··· MATERIAL SUPPLIED ···
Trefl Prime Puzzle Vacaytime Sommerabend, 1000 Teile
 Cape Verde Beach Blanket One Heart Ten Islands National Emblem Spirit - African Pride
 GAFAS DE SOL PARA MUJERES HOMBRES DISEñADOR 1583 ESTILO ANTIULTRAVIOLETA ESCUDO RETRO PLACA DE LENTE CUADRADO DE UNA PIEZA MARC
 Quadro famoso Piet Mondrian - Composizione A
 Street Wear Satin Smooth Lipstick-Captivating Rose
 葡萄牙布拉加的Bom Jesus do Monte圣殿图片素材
···
··· MATERIAL SUPPLIED ···
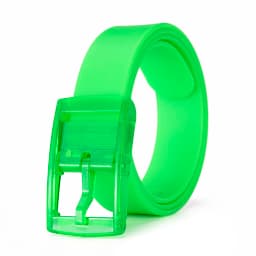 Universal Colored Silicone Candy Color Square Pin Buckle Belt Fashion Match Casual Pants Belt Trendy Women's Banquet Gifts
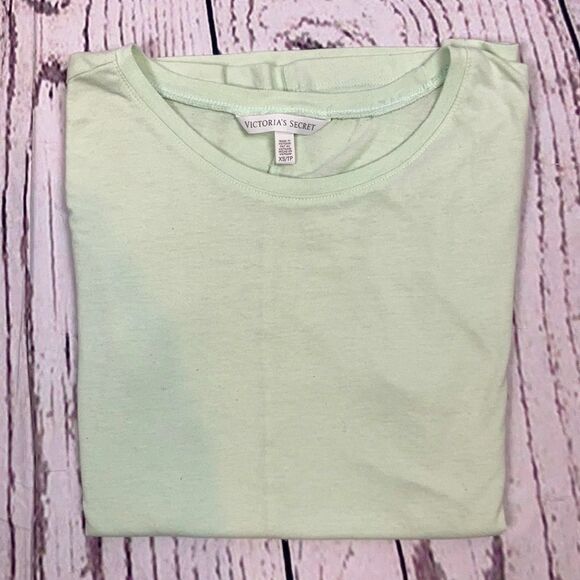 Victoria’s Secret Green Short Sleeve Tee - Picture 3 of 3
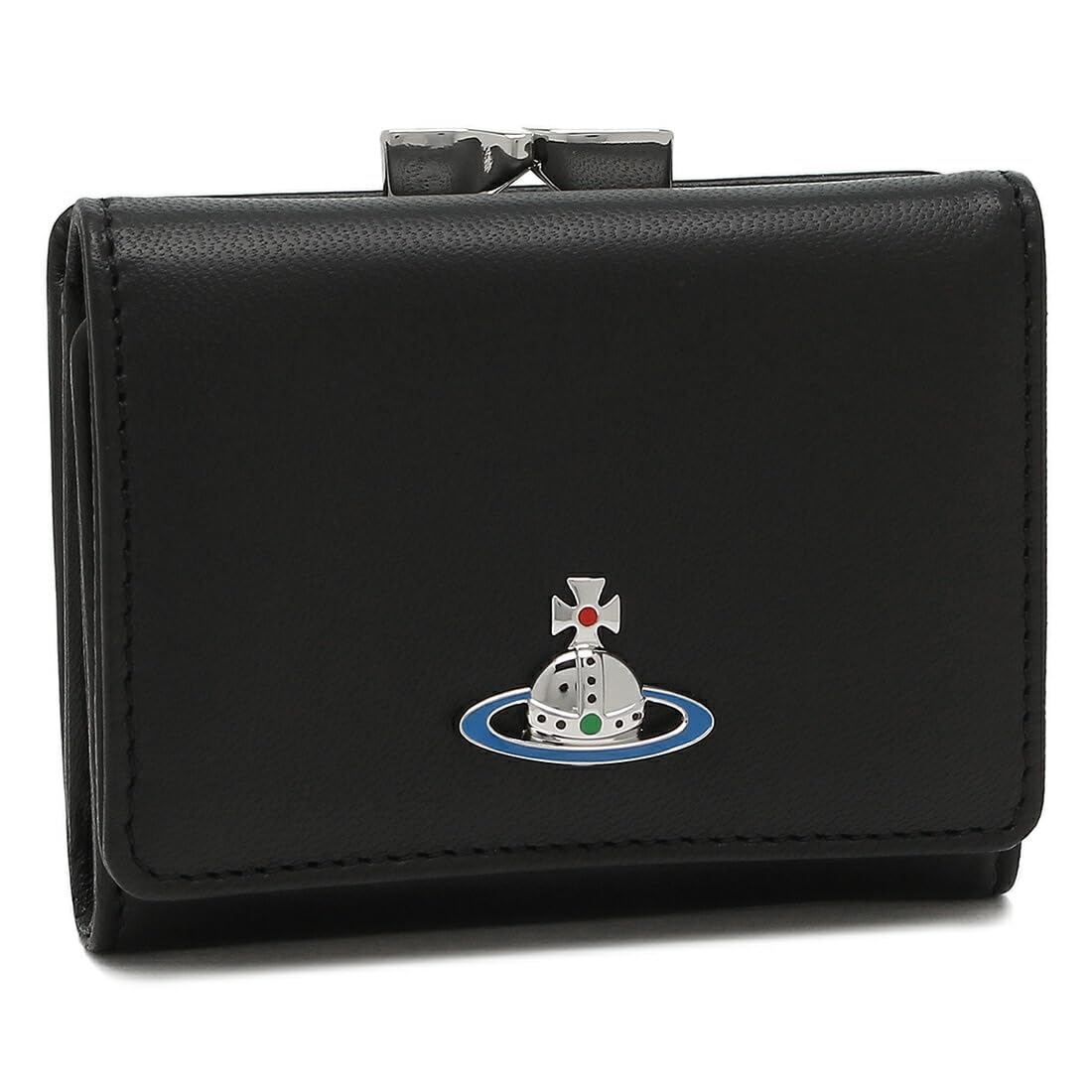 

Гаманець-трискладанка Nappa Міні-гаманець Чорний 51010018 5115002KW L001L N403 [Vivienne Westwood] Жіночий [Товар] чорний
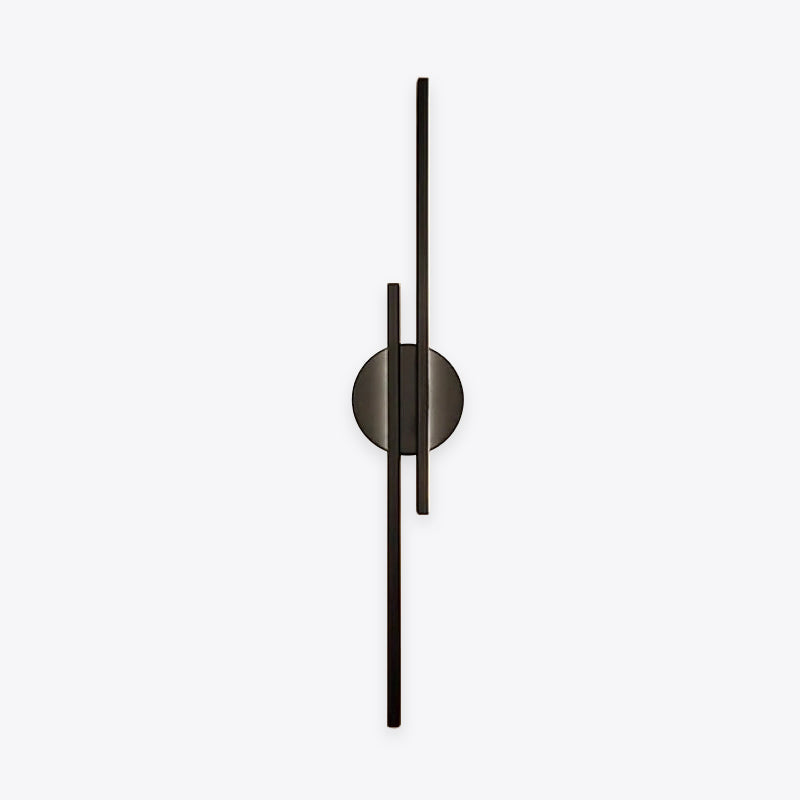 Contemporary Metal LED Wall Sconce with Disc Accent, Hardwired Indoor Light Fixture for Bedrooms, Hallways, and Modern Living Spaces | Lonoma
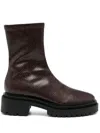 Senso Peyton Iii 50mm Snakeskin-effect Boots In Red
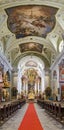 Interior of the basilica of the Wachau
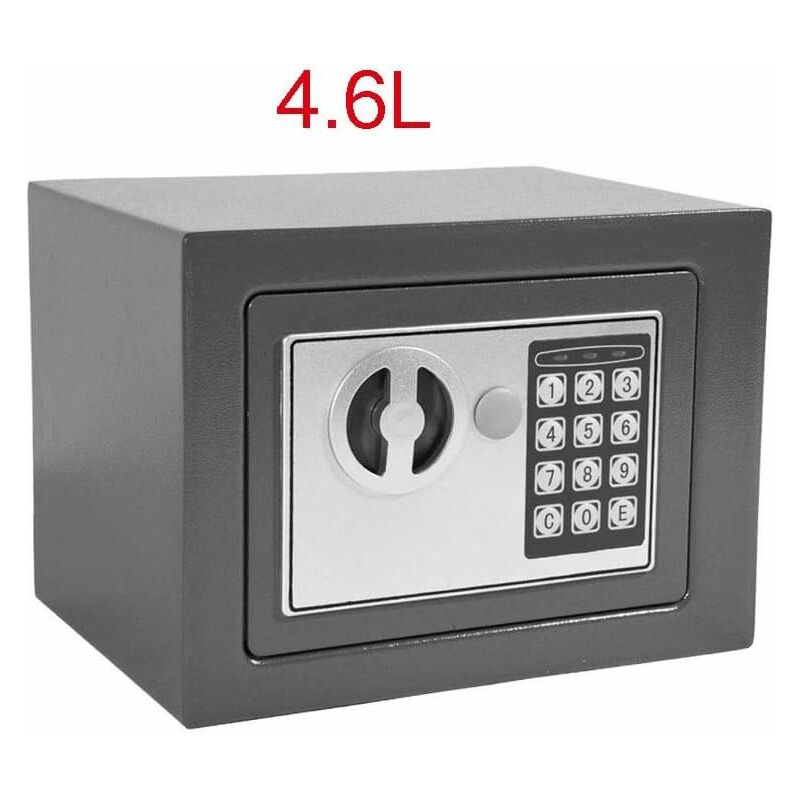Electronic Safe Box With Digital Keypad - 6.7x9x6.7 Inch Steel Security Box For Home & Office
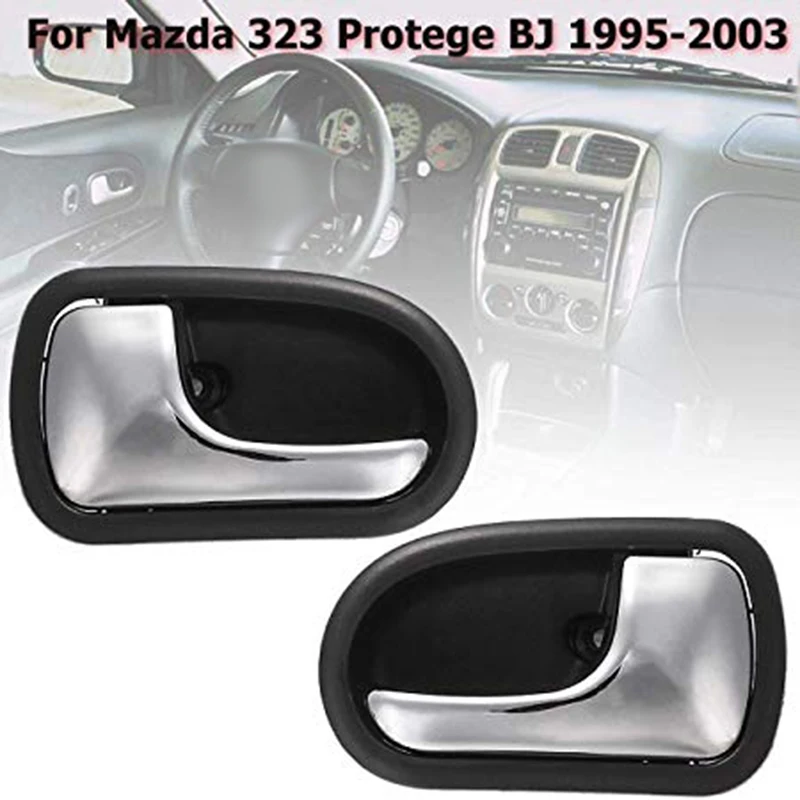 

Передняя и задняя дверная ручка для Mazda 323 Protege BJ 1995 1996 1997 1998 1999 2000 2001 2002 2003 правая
···
··· MATERIAL SUPPLIED ···
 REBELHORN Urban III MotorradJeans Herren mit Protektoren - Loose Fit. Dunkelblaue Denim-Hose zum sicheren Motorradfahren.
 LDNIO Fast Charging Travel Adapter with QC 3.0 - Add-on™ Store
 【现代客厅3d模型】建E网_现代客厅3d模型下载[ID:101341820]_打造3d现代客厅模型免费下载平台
···
◆ EXERCISE: Could the stretch from the line with "Universal Colored Silicone" through the line with "Передняя и задняя" in the listing above be restated word for word, minus the pictures?

◆ RESULT:
 Universal Colored Silicone Candy Color Square Pin Buckle Belt Fashion Match Casual Pants Belt Trendy Women's Banquet Gifts
 Victoria’s Secret Green Short Sleeve Tee - Picture 3 of 3

Гаманець-трискладанка Nappa Міні-гаманець Чорний 51010018 5115002KW L001L N403 [Vivienne Westwood] Жіночий [Товар] чорний
 Contemporary Metal LED Wall Sconce with Disc Accent, Hardwired Indoor Light Fixture for Bedrooms, Hallways, and Modern Living Spaces | Lonoma
 Senso Peyton Iii 50mm Snakeskin-effect Boots In Red
 Interior of the basilica of the Wachau
Electronic Safe Box With Digital Keypad - 6.7x9x6.7 Inch Steel Security Box For Home & Office

Передняя и задняя дверная ручка для Mazda 323 Protege BJ 1995 1996 1997 1998 1999 2000 2001 2002 2003 правая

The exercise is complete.